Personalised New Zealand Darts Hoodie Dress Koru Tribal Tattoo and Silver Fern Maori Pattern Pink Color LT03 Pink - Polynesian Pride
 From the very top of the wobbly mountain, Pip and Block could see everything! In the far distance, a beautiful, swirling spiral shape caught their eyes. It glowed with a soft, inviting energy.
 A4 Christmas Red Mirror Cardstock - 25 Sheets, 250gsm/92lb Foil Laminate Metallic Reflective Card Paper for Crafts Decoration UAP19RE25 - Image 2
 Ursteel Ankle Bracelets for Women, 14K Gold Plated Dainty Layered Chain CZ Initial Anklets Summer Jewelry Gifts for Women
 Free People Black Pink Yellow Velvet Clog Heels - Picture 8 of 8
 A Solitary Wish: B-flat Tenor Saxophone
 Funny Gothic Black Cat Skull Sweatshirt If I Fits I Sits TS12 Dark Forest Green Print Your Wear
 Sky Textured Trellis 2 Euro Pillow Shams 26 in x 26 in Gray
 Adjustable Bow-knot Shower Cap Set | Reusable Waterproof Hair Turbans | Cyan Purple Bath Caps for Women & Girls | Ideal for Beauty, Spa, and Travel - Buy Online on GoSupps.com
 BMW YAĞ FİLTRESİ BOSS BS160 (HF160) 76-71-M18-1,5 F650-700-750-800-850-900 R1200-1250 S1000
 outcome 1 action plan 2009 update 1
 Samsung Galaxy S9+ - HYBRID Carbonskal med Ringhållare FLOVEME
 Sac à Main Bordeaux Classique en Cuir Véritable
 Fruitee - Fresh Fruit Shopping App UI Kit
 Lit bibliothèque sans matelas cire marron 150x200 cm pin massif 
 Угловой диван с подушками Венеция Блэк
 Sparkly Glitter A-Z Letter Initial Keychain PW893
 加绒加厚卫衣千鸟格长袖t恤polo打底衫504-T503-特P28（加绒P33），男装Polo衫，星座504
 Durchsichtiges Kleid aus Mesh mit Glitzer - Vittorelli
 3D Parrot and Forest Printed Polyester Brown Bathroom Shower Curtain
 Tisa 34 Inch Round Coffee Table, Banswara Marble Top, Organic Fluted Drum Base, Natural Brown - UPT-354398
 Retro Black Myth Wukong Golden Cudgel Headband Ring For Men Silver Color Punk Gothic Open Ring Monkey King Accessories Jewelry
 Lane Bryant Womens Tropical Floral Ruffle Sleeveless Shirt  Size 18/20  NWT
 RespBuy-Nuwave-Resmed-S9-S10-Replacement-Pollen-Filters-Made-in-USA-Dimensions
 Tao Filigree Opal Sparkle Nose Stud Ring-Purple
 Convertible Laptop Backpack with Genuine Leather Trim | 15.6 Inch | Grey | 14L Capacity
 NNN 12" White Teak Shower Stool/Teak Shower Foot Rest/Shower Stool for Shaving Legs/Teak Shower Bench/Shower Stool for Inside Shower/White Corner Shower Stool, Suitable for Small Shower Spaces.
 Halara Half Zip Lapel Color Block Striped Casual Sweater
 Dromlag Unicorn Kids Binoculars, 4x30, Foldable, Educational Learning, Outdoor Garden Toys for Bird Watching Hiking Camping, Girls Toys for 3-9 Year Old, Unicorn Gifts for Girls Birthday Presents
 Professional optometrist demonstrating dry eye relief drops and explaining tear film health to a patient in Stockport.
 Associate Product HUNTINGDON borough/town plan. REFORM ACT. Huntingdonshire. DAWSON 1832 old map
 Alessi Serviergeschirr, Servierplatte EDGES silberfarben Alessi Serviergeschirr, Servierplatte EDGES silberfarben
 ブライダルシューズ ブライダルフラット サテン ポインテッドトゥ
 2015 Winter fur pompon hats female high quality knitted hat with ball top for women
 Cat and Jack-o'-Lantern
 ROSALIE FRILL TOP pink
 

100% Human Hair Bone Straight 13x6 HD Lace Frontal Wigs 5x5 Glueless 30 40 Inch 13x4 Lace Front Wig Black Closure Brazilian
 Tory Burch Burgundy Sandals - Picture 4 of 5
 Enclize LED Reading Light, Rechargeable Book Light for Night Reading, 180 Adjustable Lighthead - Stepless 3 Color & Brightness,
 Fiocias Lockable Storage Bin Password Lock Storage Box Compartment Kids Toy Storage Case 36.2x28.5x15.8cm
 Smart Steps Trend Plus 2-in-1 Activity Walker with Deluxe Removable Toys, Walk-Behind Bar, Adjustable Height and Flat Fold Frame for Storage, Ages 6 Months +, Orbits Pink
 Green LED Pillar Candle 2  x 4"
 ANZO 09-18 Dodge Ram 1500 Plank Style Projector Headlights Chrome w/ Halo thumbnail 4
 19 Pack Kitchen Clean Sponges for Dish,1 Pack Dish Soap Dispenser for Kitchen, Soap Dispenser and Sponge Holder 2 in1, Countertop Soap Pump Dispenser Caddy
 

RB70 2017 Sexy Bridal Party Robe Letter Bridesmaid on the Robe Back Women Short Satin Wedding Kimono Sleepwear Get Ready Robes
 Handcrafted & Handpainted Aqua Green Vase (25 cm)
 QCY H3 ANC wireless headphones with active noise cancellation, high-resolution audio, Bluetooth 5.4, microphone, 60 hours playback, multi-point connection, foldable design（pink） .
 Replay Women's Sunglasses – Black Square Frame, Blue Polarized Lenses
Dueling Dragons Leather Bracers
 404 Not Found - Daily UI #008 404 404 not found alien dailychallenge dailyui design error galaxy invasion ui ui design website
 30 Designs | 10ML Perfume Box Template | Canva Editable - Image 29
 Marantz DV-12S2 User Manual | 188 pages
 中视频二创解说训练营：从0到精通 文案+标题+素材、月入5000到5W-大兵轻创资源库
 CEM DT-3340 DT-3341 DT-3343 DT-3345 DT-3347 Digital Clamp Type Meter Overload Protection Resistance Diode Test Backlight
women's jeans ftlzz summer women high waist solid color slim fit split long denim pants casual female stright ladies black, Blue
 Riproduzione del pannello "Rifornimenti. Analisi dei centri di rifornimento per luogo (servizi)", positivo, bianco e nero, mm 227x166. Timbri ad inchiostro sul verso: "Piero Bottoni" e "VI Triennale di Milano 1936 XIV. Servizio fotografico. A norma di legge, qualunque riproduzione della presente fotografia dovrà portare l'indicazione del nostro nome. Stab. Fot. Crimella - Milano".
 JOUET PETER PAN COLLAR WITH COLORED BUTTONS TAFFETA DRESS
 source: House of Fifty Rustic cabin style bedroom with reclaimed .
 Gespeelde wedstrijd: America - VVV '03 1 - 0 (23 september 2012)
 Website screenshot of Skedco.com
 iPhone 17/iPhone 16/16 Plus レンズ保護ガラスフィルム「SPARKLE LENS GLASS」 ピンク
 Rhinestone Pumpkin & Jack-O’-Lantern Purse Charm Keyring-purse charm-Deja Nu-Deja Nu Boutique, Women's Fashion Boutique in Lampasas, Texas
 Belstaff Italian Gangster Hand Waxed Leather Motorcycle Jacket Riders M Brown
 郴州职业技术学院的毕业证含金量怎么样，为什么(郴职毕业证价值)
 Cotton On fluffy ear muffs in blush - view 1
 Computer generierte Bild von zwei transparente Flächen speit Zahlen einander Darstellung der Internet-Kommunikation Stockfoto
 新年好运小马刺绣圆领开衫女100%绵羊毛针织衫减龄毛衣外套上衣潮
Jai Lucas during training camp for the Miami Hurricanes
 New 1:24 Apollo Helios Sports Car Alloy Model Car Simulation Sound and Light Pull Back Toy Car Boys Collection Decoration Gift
———
▶ [WHAT IS REQUIRED]
Give back all of the entries above, unchanged in every word.

▶ [RESPONSE TO THE TASK]
Personalised New Zealand Darts Hoodie Dress Koru Tribal Tattoo and Silver Fern Maori Pattern Pink Color LT03 Pink - Polynesian Pride
 From the very top of the wobbly mountain, Pip and Block could see everything! In the far distance, a beautiful, swirling spiral shape caught their eyes. It glowed with a soft, inviting energy.
 A4 Christmas Red Mirror Cardstock - 25 Sheets, 250gsm/92lb Foil Laminate Metallic Reflective Card Paper for Crafts Decoration UAP19RE25 - Image 2
 Ursteel Ankle Bracelets for Women, 14K Gold Plated Dainty Layered Chain CZ Initial Anklets Summer Jewelry Gifts for Women
 Free People Black Pink Yellow Velvet Clog Heels - Picture 8 of 8
 A Solitary Wish: B-flat Tenor Saxophone
 Funny Gothic Black Cat Skull Sweatshirt If I Fits I Sits TS12 Dark Forest Green Print Your Wear
 Sky Textured Trellis 2 Euro Pillow Shams 26 in x 26 in Gray
 Adjustable Bow-knot Shower Cap Set | Reusable Waterproof Hair Turbans | Cyan Purple Bath Caps for Women & Girls | Ideal for Beauty, Spa, and Travel - Buy Online on GoSupps.com
 BMW YAĞ FİLTRESİ BOSS BS160 (HF160) 76-71-M18-1,5 F650-700-750-800-850-900 R1200-1250 S1000
 outcome 1 action plan 2009 update 1
 Samsung Galaxy S9+ - HYBRID Carbonskal med Ringhållare FLOVEME
 Sac à Main Bordeaux Classique en Cuir Véritable
 Fruitee - Fresh Fruit Shopping App UI Kit
 Lit bibliothèque sans matelas cire marron 150x200 cm pin massif 
 Угловой диван с подушками Венеция Блэк
 Sparkly Glitter A-Z Letter Initial Keychain PW893
 加绒加厚卫衣千鸟格长袖t恤polo打底衫504-T503-特P28（加绒P33），男装Polo衫，星座504
 Durchsichtiges Kleid aus Mesh mit Glitzer - Vittorelli
 3D Parrot and Forest Printed Polyester Brown Bathroom Shower Curtain
 Tisa 34 Inch Round Coffee Table, Banswara Marble Top, Organic Fluted Drum Base, Natural Brown - UPT-354398
 Retro Black Myth Wukong Golden Cudgel Headband Ring For Men Silver Color Punk Gothic Open Ring Monkey King Accessories Jewelry
 Lane Bryant Womens Tropical Floral Ruffle Sleeveless Shirt  Size 18/20  NWT
 RespBuy-Nuwave-Resmed-S9-S10-Replacement-Pollen-Filters-Made-in-USA-Dimensions
 Tao Filigree Opal Sparkle Nose Stud Ring-Purple
 Convertible Laptop Backpack with Genuine Leather Trim | 15.6 Inch | Grey | 14L Capacity
 NNN 12" White Teak Shower Stool/Teak Shower Foot Rest/Shower Stool for Shaving Legs/Teak Shower Bench/Shower Stool for Inside Shower/White Corner Shower Stool, Suitable for Small Shower Spaces.
 Halara Half Zip Lapel Color Block Striped Casual Sweater
 Dromlag Unicorn Kids Binoculars, 4x30, Foldable, Educational Learning, Outdoor Garden Toys for Bird Watching Hiking Camping, Girls Toys for 3-9 Year Old, Unicorn Gifts for Girls Birthday Presents
 Professional optometrist demonstrating dry eye relief drops and explaining tear film health to a patient in Stockport.
 Associate Product HUNTINGDON borough/town plan. REFORM ACT. Huntingdonshire. DAWSON 1832 old map
 Alessi Serviergeschirr, Servierplatte EDGES silberfarben Alessi Serviergeschirr, Servierplatte EDGES silberfarben
 ブライダルシューズ ブライダルフラット サテン ポインテッドトゥ
 2015 Winter fur pompon hats female high quality knitted hat with ball top for women
 Cat and Jack-o'-Lantern
 ROSALIE FRILL TOP pink
 

100% Human Hair Bone Straight 13x6 HD Lace Frontal Wigs 5x5 Glueless 30 40 Inch 13x4 Lace Front Wig Black Closure Brazilian
 Tory Burch Burgundy Sandals - Picture 4 of 5
 Enclize LED Reading Light, Rechargeable Book Light for Night Reading, 180 Adjustable Lighthead - Stepless 3 Color & Brightness,
 Fiocias Lockable Storage Bin Password Lock Storage Box Compartment Kids Toy Storage Case 36.2x28.5x15.8cm
 Smart Steps Trend Plus 2-in-1 Activity Walker with Deluxe Removable Toys, Walk-Behind Bar, Adjustable Height and Flat Fold Frame for Storage, Ages 6 Months +, Orbits Pink
 Green LED Pillar Candle 2  x 4"
 ANZO 09-18 Dodge Ram 1500 Plank Style Projector Headlights Chrome w/ Halo thumbnail 4
 19 Pack Kitchen Clean Sponges for Dish,1 Pack Dish Soap Dispenser for Kitchen, Soap Dispenser and Sponge Holder 2 in1, Countertop Soap Pump Dispenser Caddy
 

RB70 2017 Sexy Bridal Party Robe Letter Bridesmaid on the Robe Back Women Short Satin Wedding Kimono Sleepwear Get Ready Robes
 Handcrafted & Handpainted Aqua Green Vase (25 cm)
 QCY H3 ANC wireless headphones with active noise cancellation, high-resolution audio, Bluetooth 5.4, microphone, 60 hours playback, multi-point connection, foldable design（pink） .
 Replay Women's Sunglasses – Black Square Frame, Blue Polarized Lenses
Dueling Dragons Leather Bracers
 404 Not Found - Daily UI #008 404 404 not found alien dailychallenge dailyui design error galaxy invasion ui ui design website
 30 Designs | 10ML Perfume Box Template | Canva Editable - Image 29
 Marantz DV-12S2 User Manual | 188 pages
 中视频二创解说训练营：从0到精通 文案+标题+素材、月入5000到5W-大兵轻创资源库
 CEM DT-3340 DT-3341 DT-3343 DT-3345 DT-3347 Digital Clamp Type Meter Overload Protection Resistance Diode Test Backlight
women's jeans ftlzz summer women high waist solid color slim fit split long denim pants casual female stright ladies black, Blue
 Riproduzione del pannello "Rifornimenti. Analisi dei centri di rifornimento per luogo (servizi)", positivo, bianco e nero, mm 227x166. Timbri ad inchiostro sul verso: "Piero Bottoni" e "VI Triennale di Milano 1936 XIV. Servizio fotografico. A norma di legge, qualunque riproduzione della presente fotografia dovrà portare l'indicazione del nostro nome. Stab. Fot. Crimella - Milano".
 JOUET PETER PAN COLLAR WITH COLORED BUTTONS TAFFETA DRESS
 source: House of Fifty Rustic cabin style bedroom with reclaimed .
 Gespeelde wedstrijd: America - VVV '03 1 - 0 (23 september 2012)
 Website screenshot of Skedco.com
 iPhone 17/iPhone 16/16 Plus レンズ保護ガラスフィルム「SPARKLE LENS GLASS」 ピンク
 Rhinestone Pumpkin & Jack-O’-Lantern Purse Charm Keyring-purse charm-Deja Nu-Deja Nu Boutique, Women's Fashion Boutique in Lampasas, Texas
 Belstaff Italian Gangster Hand Waxed Leather Motorcycle Jacket Riders M Brown
 郴州职业技术学院的毕业证含金量怎么样，为什么(郴职毕业证价值)
 Cotton On fluffy ear muffs in blush - view 1
 Computer generierte Bild von zwei transparente Flächen speit Zahlen einander Darstellung der Internet-Kommunikation Stockfoto
 新年好运小马刺绣圆领开衫女100%绵羊毛针织衫减龄毛衣外套上衣潮
Jai Lucas during training camp for the Miami Hurricanes
 New 1:24 Apollo Helios Sports Car Alloy Model Car Simulation Sound and Light Pull Back Toy Car Boys Collection Decoration Gift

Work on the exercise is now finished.